History

United Kingdom
- Name: RFA Salvalour
- Ordered: 17 April 1943
- Builder: Goole Shipbuilding & Repair Co Ltd, Goole
- Yard number: 408
- Laid down: 7 January 1944
- Launched: 2 November 1944
- Commissioned: 4 September 1945
- Decommissioned: October 1955
- Identification: IMO number: 5308304
- Fate: Sold, 25 November 1971; Scrapped, February 1978;

General characteristics
- Class & type: King Salvor class salvage vessel
- Displacement: 1,780 long tons (1,809 t) full load
- Length: 218 ft (66 m)
- Beam: 39 ft 10 in (12.14 m)
- Draught: 15 ft 7 in (4.75 m)
- Propulsion: 2 × 3-cylinder triple expansion steam engines
- Speed: 12 knots (22 km/h; 14 mph)
- Complement: 72
- Armament: 4 × 20 mm AA guns (4×1)

= RFA Salvalour =

King Salvor class salvage vessel of the Royal Fleet Auxiliary

RFA Salvalour (A494) was a salvage ship of the Royal Fleet Auxiliary.

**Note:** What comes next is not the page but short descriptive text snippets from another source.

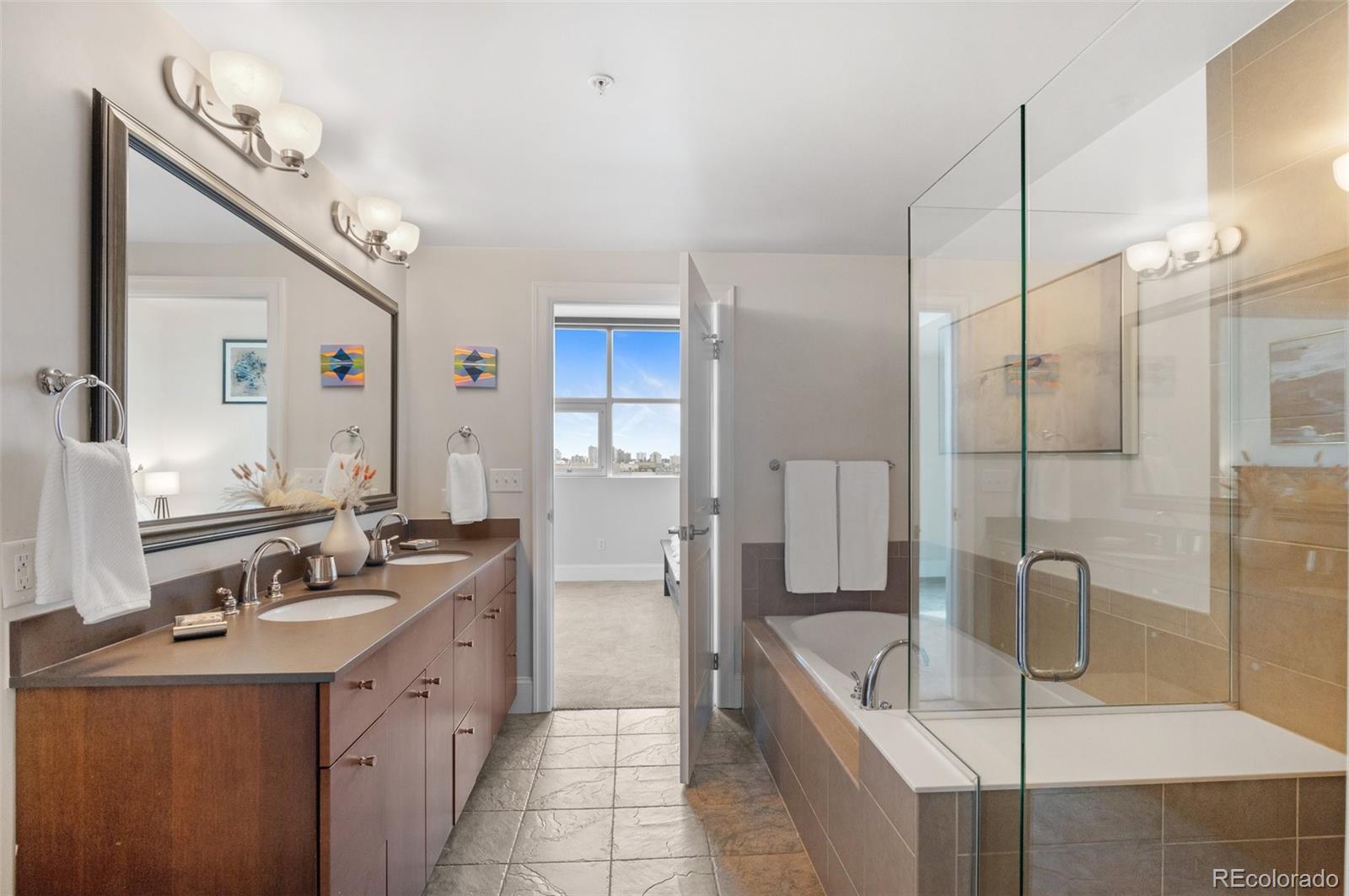 2001 Lincoln Street Unit: 1522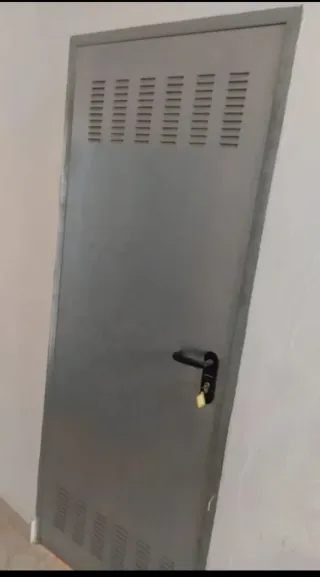 Se alquila trastero, zona estación de autobuses.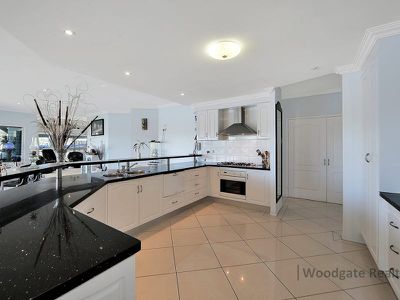 4 Dolphin Ct, Woodgate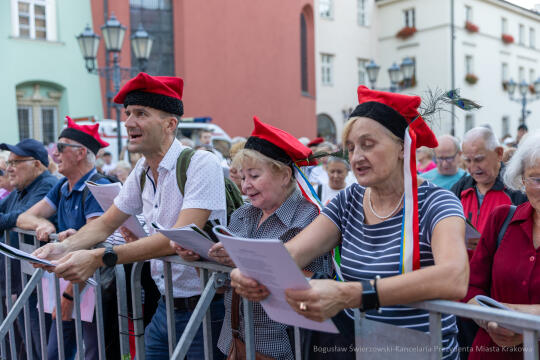 BS-250805-BSK_7187.jpg-Kadrówka, Lekcja Śpiewania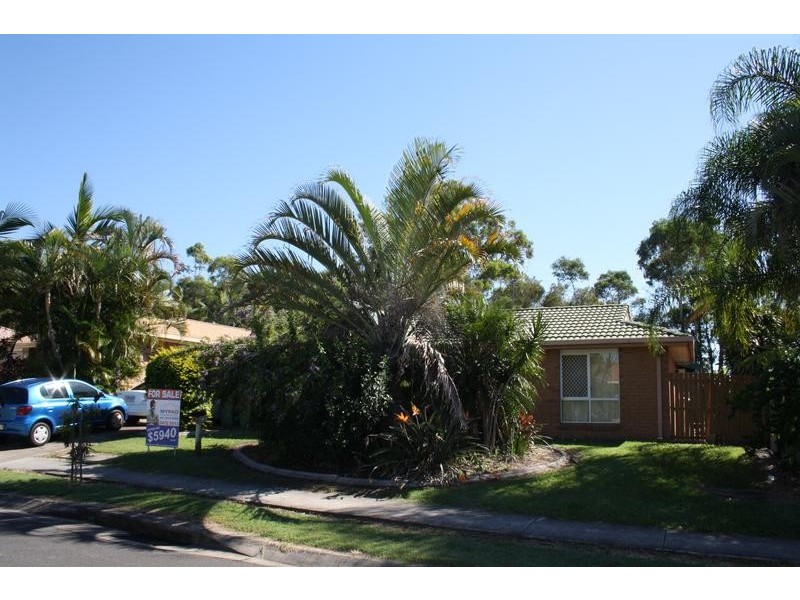 15 Calder Ct, Crestmead QLD 4132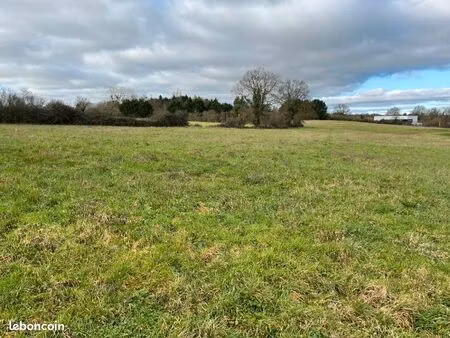 terrain 555 m² bouessay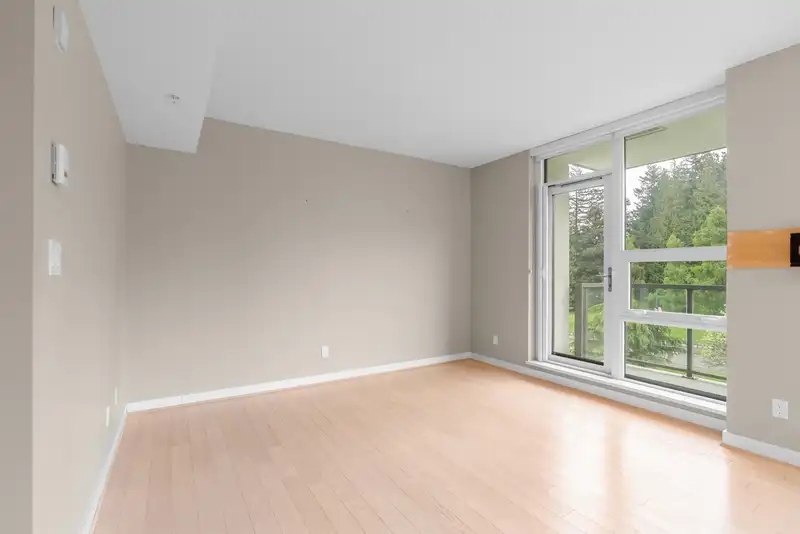 503 4539 CAMBIE STREET - photo 2 of 19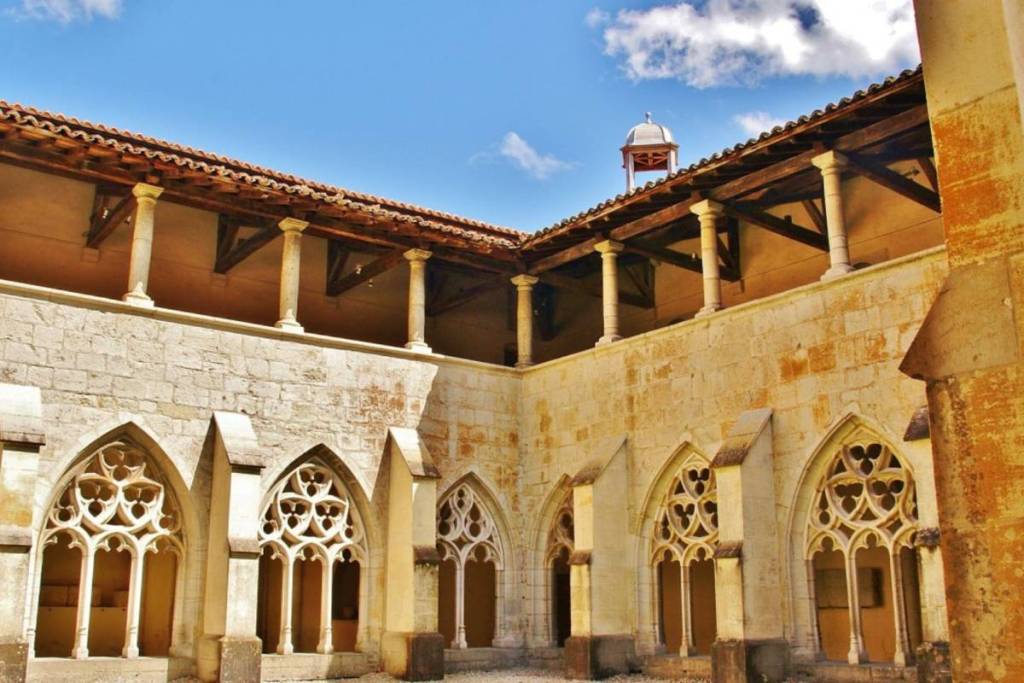Abbaye d'Ambronay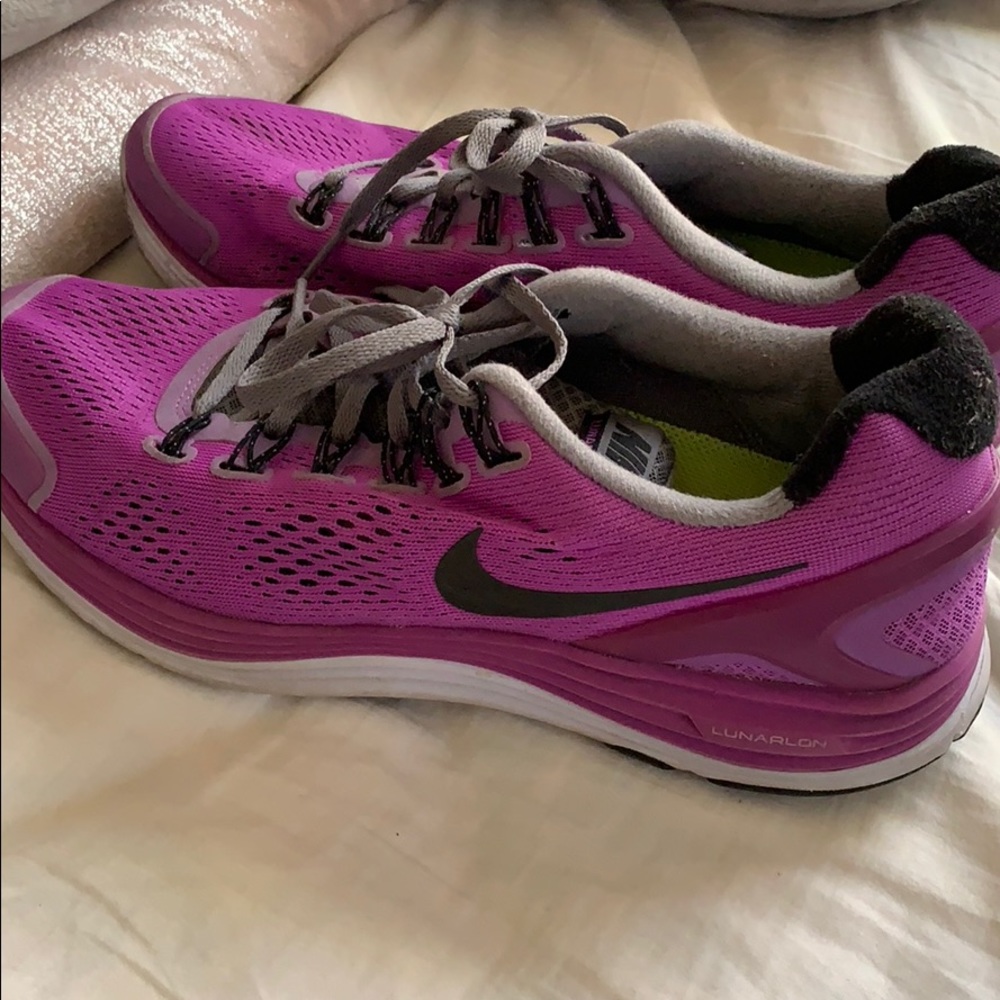 Good condition Nike women’s shoes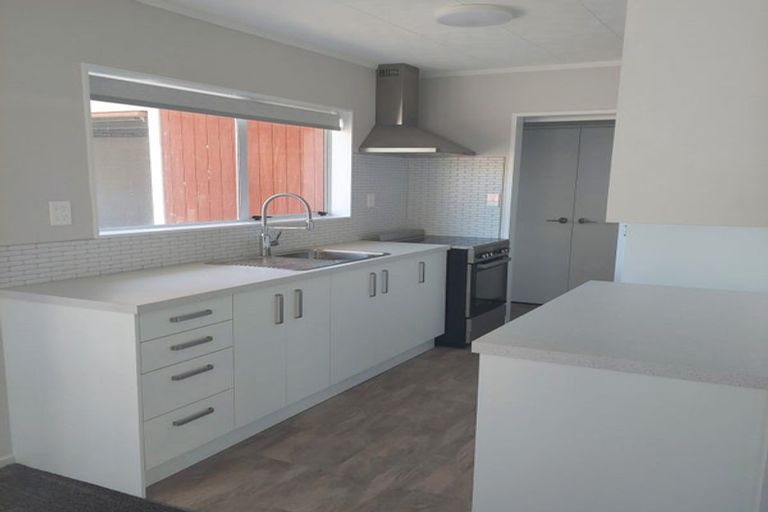 Photo of property in 29b Aquarius Drive, Kawaha Point, Rotorua, 3010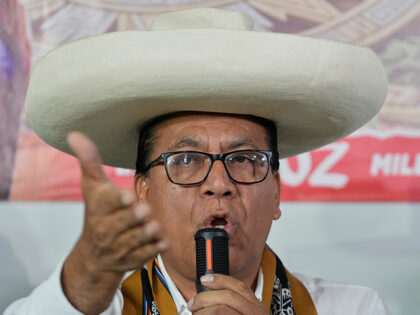 Title: Peru Election Image ID: 26169656528466 Article: Presidential candidate Roberto Sanc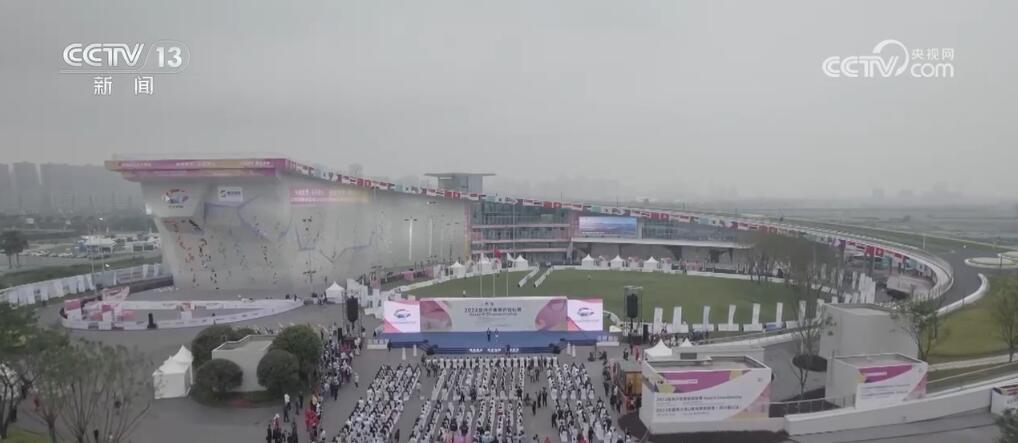 多个旅游热门目的地迎来大客流 假日经济“电量”十足 多个旅游热门目的地迎来大客流 假日经济“电量”十足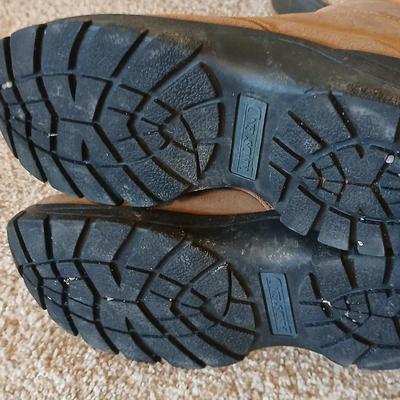 Men’s Winter Outerwear Lot – Goodfellow Fleece Jacket (M), RedHead Thinsulate Boots (Sz 8), and Casual Boots (Sz 9M)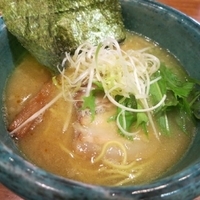 醤油らぁめん　　680円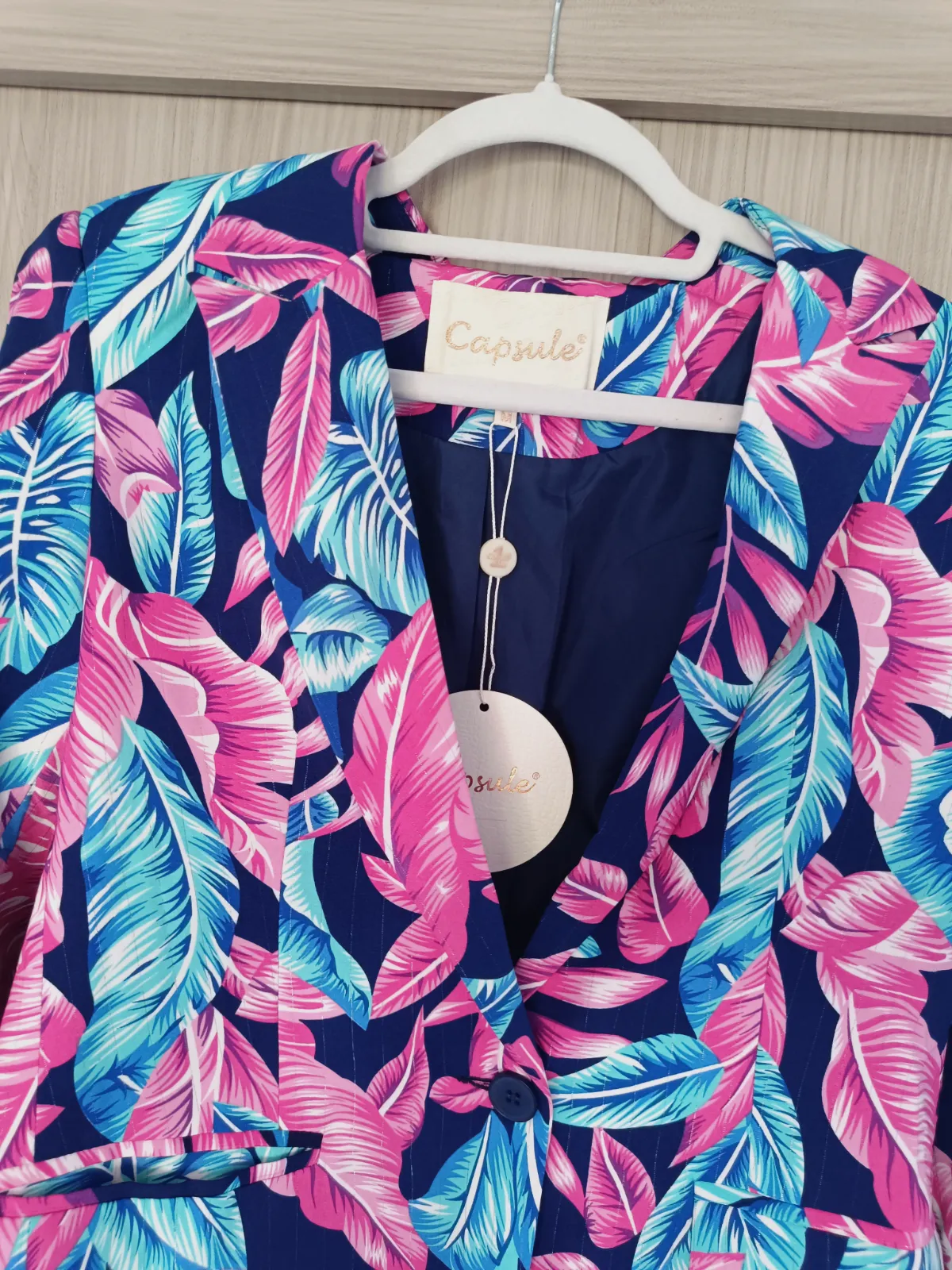 Blazer Capsule estampado tropical azul y rosa – Capsule – taille M 3
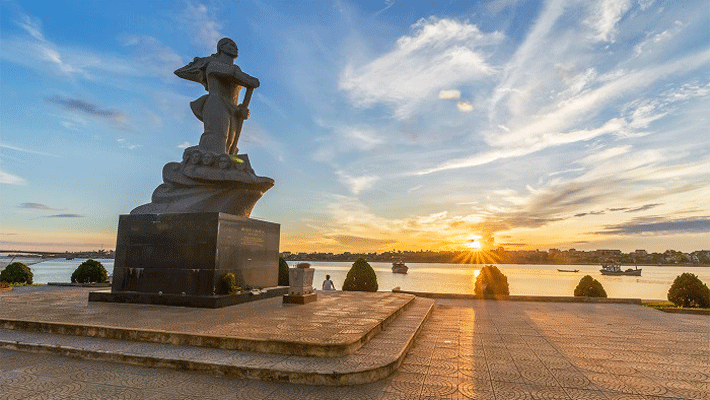 Tượng đài mẹ Suốt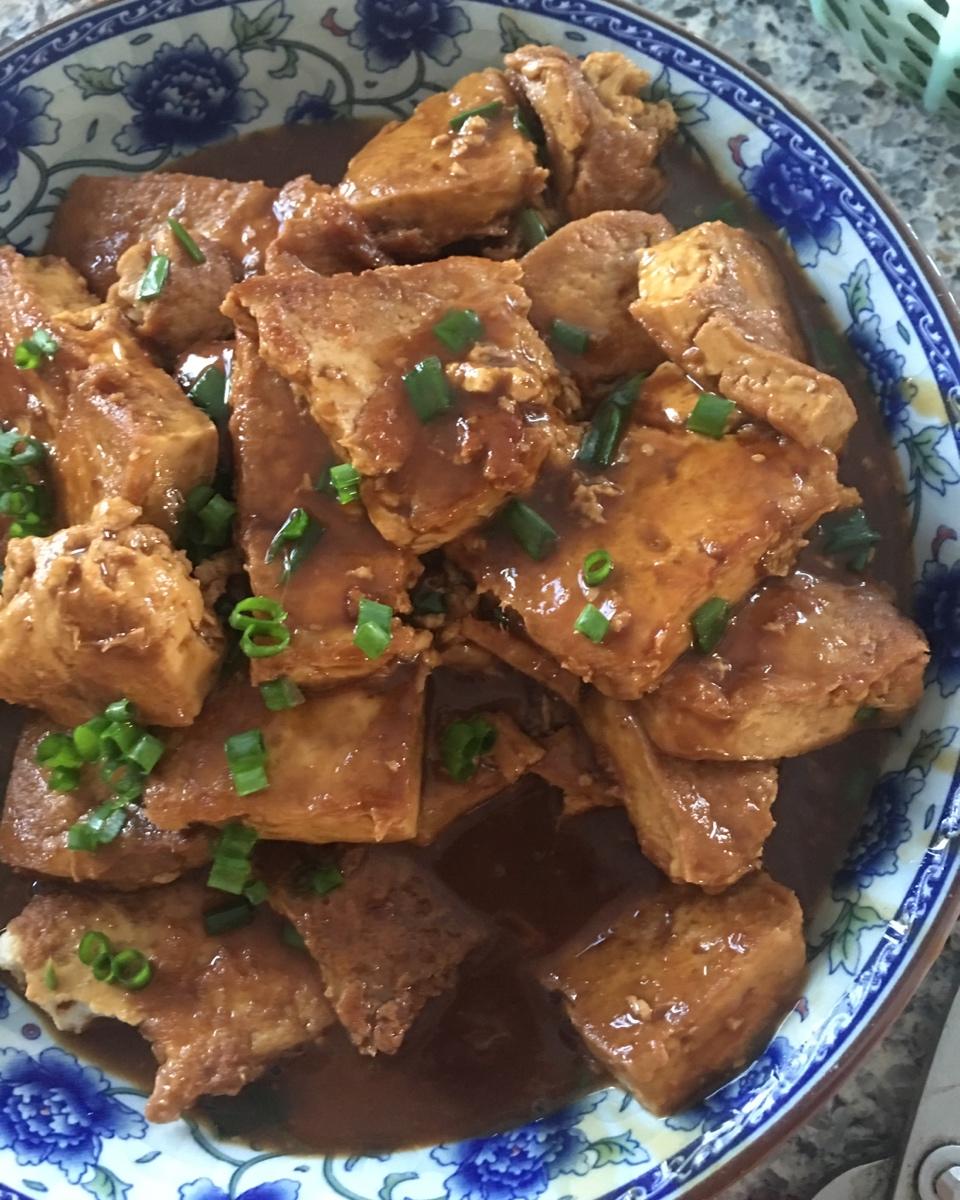 豆腐这样做比大鱼大肉都好吃，简单易做又下饭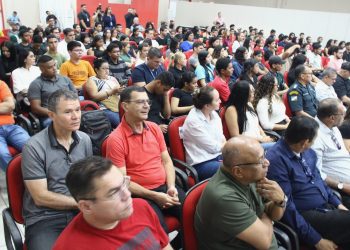 AULÕES  Aula inaugural do projeto Aprova Terceirão ocorreu neste sábado para mais de 300 estudantes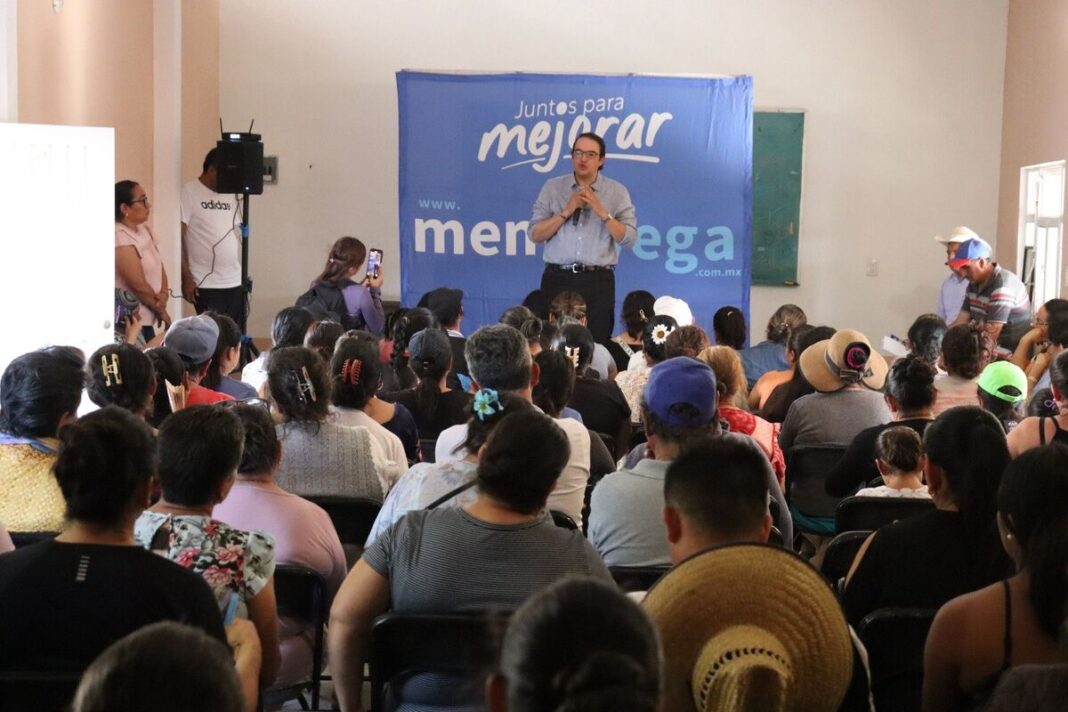 Memo Vega recorre comunidades de su distrito para presentar su informe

Salvalour was built by the Goole Shipbuilding & Repair Company, Goole, launched on 2 November 1944, and commissioned on 4 September 1945. The ship was decommissioned in October 1955 and laid up in reserve. She was sold into commercial service on 25 November 1971, and was scrapped in Pakistan in February 1978.